Infirme partiellement, réforme ou modifie certaines dispositions de la décision déférée

Texte intégral

Ch. civile B

ARRET No

du 24 JUILLET 2013

R.G : 12/00673 R-PL

Décision déférée à la Cour :
Ordonnance Référé, origine Tribunal de Grande Instance d'AJACCIO, décision attaquée en date du 23 Novembre 2010, enregistrée sous le no 10/00193

SCI FLAU

C/

SARL ALUVER

COUR D'APPEL DE BASTIA

CHAMBRE CIVILE

ARRET DU

VINGT QUATRE JUILLET DEUX MILLE TREIZE

APPELANTE :

SCI FLAU
Prise en la personne de son représentant légal
103, Lotissement MORACCHINI
Lieudit TRAVO
20240 VENTISERI

assistée de Me Nathalie SABIANI, avocat au barreau de BASTIA, et de Me Xavier SKOWRON-GALVEZ, avocat au barreau de PARIS

INTIMEE :

SARL ALUVER
Prise en la personne de son représentant légal
rue SIMON CASTELLI
Lieudit VALROSE
20137 PORTO-VECCHIO

assistée de Me Robert DUCOS de la SCP LENTALI PIETRI DUCOS, avocat au barreau d'AJACCIO

COMPOSITION DE LA COUR :

En application des dispositions de l'article 786 du code de procédure civile, l'affaire a été débattue à l'audience publique du 03 mai 2013, devant M. Pierre LAVIGNE, Président de chambre, chargé du rapport, les avocats ne s'y étant pas opposés.

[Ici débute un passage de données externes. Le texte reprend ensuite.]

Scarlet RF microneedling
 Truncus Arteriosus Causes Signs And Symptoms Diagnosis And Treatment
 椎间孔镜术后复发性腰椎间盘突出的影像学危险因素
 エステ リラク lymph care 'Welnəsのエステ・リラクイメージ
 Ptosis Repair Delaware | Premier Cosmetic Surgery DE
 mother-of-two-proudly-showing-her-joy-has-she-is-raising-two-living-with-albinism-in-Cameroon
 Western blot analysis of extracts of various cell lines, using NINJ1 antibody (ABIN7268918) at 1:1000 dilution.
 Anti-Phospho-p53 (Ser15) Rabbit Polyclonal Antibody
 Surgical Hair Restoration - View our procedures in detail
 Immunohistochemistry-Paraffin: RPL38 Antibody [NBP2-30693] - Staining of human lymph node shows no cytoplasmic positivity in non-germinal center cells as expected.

Ce magistrat a rendu compte des plaidoiries dans le délibéré de la Cour, composée de :

M. Pierre LAVIGNE, Président de chambre
Mme Marie-Paule ALZEARI, Conseiller
Mme Micheline BENJAMIN, Conseiller

GREFFIER LORS DES DEBATS :

Mme Marie-Jeanne ORSINI.

Les parties ont été avisées que le prononcé public de la décision aura lieu par mise à disposition au greffe le 03 juillet 2013, prorogée par le magistrat par mention au plumitif au 24 juillet 2013.

ARRET :

Contradictoire,

Prononcé publiquement par mise à disposition au greffe de la Cour, les parties en ayant été préalablement avisées dans les conditions prévues au deuxième alinéa de l'article 450 du code de procédure civile.

Signé par M. Pierre LAVIGNE, Président de chambre, et par Mme Martine COMBET, Greffier auquel la minute de la décision a été remise par le magistrat signataire.

EXPOSÉ DU LITIGE

La SARL Aluver, bénéficie en tant que locataire, d'un bail commercial signé le 10 janvier 1992, renouvelé suivant protocole transactionnel en date du 2 avril 2001, portant sur des locaux sis à Porto-Vecchio, acquis le 2 avril 2008 par la SCI Flau venue aux droits du bailleur.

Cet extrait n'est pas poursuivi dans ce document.